_PROBLEM REQUIREMENTS_
Exclude all pictures, then write out exactly the lines below from the first one through the line with "Gıpta Safe Notes".
Segment Start: PROVIDED MATERIAL
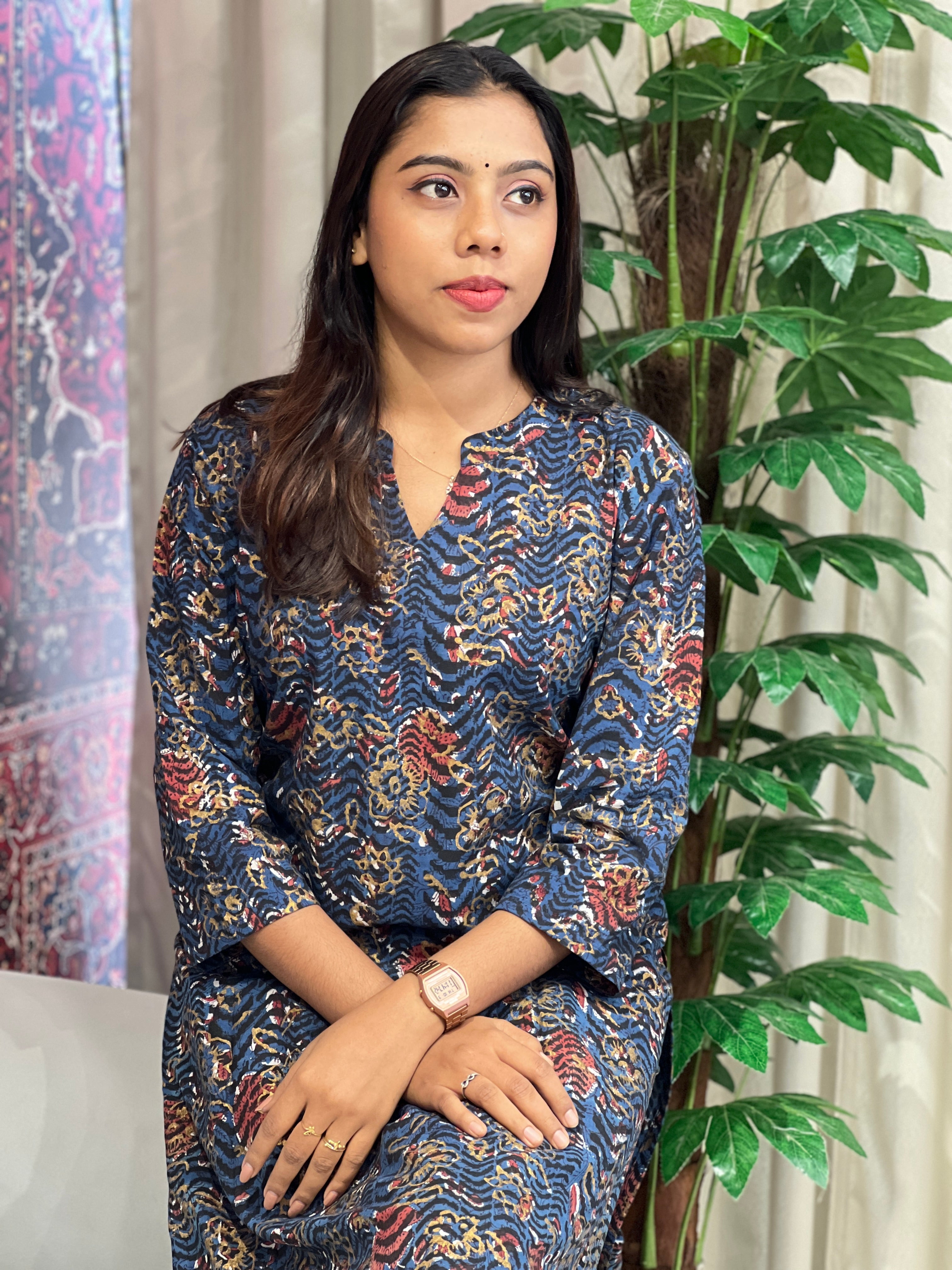 Printed Cotton Kurta Set | DNT860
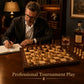 19-Inch Wenge & Maple Wooden Tournament Chess Board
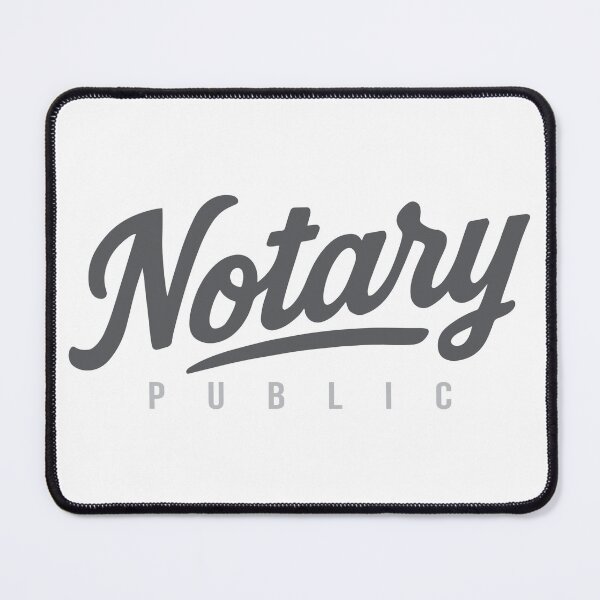 Item preview, Notary Public Vintage Script – Modern Notarial Typography Design designed and sold by NotaryLife.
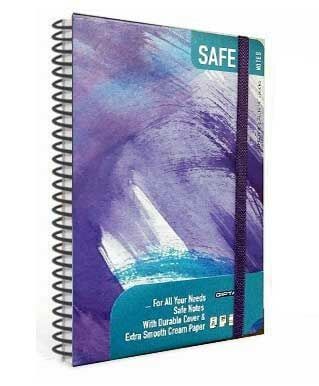 Gıpta Safe Notes Spiralli Mor Sert Kapak 120 Yaprak 17*24 Çizgili Defter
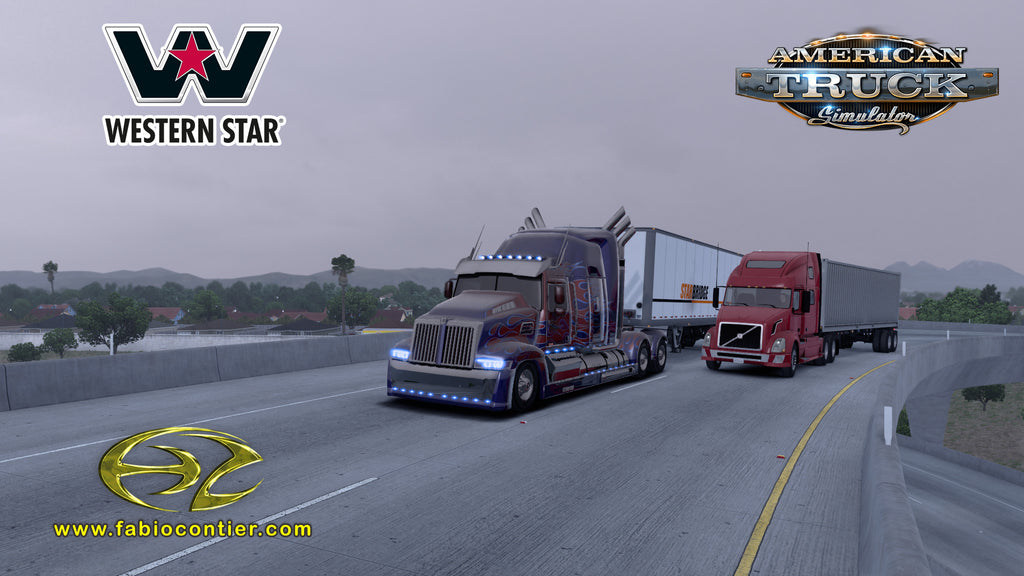 ATS Mod Truck Western Star Optimus Prime Exclusive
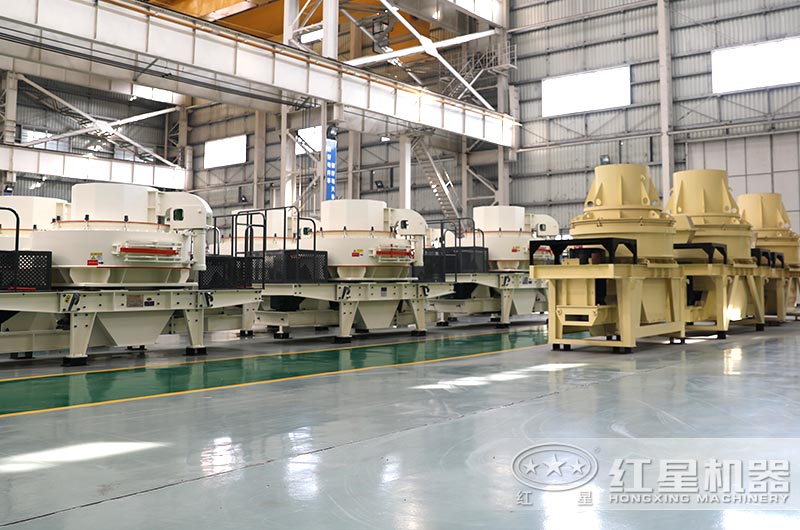 時產100-200噸制砂機機型號不同，價格不等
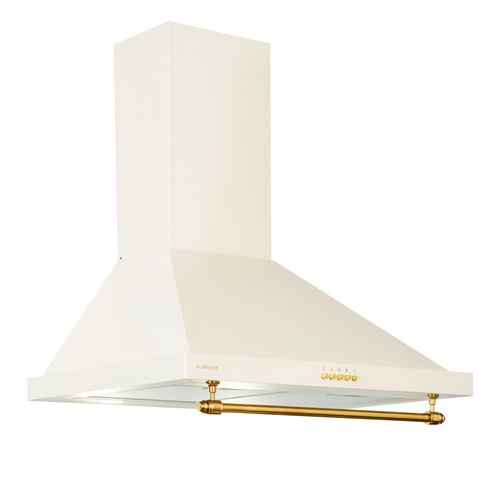 Hotte Aspirante - Klarstein Montblanc 60 - 610 M³/H - 165 W - 2 X 1,5 W - Led - Crème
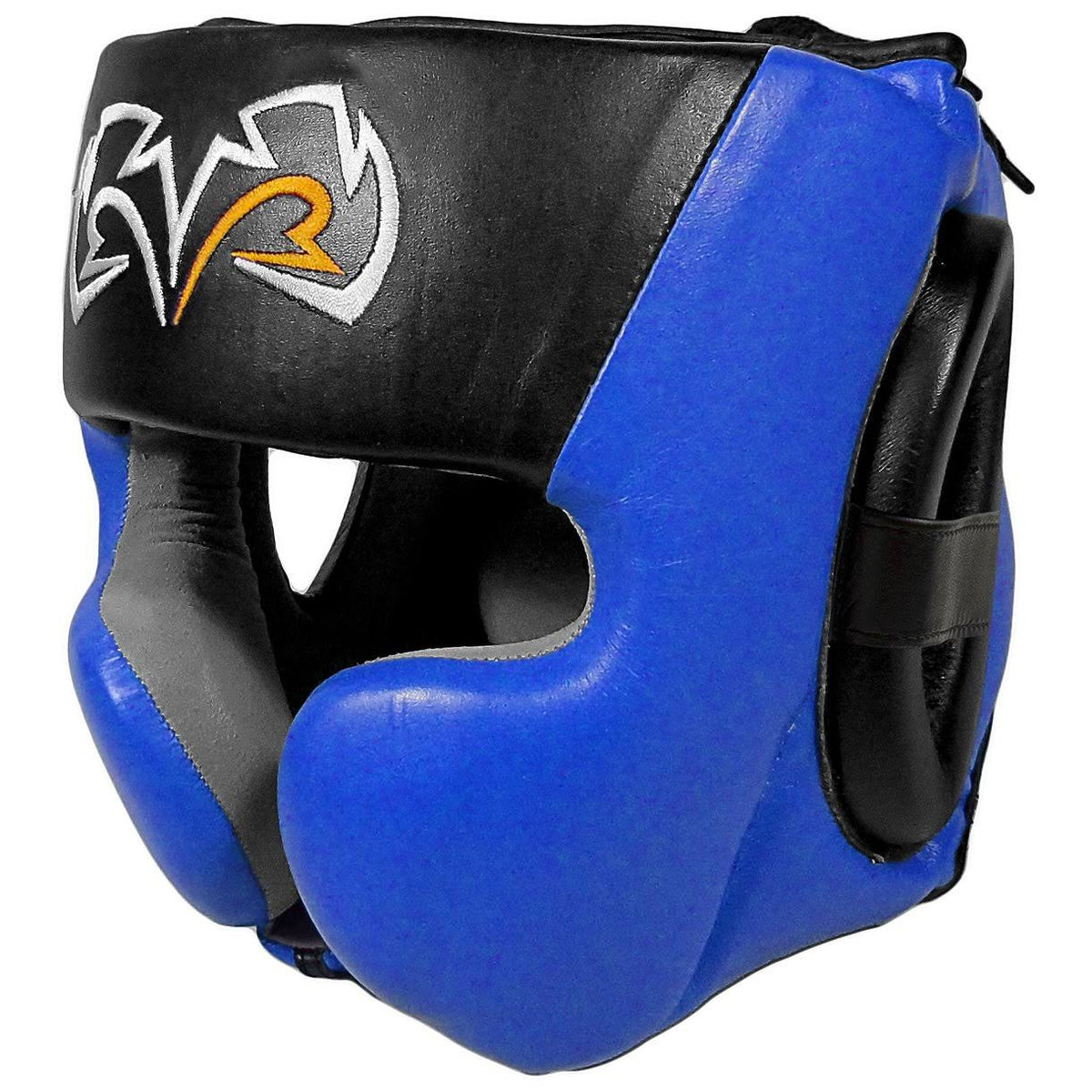 Black/Blue Cheek Protector Training Headgear C343792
Segment End: PROVIDED MATERIAL
_RESULT OF THE TASK_
 Printed Cotton Kurta Set | DNT860
 19-Inch Wenge & Maple Wooden Tournament Chess Board
 Item preview, Notary Public Vintage Script – Modern Notarial Typography Design designed and sold by NotaryLife.
 Gıpta Safe Notes Spiralli Mor Sert Kapak 120 Yaprak 17*24 Çizgili Defter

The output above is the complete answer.